→ TASK
Copy the data exactly from the line that contains "5ALPHA-Androstane-3B,11B,17B-triol Struktur" through the line that contains "シガーソケット USB 4", keeping both end lines and leaving out everything else.

→ INFORMATION
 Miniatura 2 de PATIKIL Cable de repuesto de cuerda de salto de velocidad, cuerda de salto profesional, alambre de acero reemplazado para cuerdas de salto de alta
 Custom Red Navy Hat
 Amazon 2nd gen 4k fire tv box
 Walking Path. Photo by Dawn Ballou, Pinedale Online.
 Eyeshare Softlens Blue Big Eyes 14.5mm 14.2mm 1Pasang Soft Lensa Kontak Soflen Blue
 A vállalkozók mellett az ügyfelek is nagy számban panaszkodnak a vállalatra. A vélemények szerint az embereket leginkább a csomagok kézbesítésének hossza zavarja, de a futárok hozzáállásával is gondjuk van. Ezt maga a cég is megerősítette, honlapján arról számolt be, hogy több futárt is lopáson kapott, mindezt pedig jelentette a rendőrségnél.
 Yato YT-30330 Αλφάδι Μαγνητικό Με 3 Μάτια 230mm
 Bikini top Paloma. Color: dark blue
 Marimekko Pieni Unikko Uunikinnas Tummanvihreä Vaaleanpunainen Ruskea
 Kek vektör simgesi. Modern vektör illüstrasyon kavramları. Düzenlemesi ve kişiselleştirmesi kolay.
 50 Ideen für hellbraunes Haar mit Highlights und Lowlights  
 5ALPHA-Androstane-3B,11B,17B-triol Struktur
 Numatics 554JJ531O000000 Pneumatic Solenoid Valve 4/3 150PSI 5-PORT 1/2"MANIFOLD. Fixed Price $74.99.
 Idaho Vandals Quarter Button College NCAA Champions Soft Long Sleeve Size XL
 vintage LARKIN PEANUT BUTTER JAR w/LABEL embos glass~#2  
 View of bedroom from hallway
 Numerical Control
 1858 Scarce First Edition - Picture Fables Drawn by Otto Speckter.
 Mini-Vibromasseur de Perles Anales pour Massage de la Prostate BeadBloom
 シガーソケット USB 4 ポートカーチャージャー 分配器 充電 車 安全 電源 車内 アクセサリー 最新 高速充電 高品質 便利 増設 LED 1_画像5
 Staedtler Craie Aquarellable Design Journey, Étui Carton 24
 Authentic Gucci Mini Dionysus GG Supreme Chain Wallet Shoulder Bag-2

→ WRITTEN RESPONSE
 5ALPHA-Androstane-3B,11B,17B-triol Struktur
 Numatics 554JJ531O000000 Pneumatic Solenoid Valve 4/3 150PSI 5-PORT 1/2"MANIFOLD. Fixed Price $74.99.
 Idaho Vandals Quarter Button College NCAA Champions Soft Long Sleeve Size XL
 vintage LARKIN PEANUT BUTTER JAR w/LABEL embos glass~#2  
 View of bedroom from hallway
 Numerical Control
 1858 Scarce First Edition - Picture Fables Drawn by Otto Speckter.
 Mini-Vibromasseur de Perles Anales pour Massage de la Prostate BeadBloom
 シガーソケット USB 4 ポートカーチャージャー 分配器 充電 車 安全 電源 車内 アクセサリー 最新 高速充電 高品質 便利 増設 LED 1_画像5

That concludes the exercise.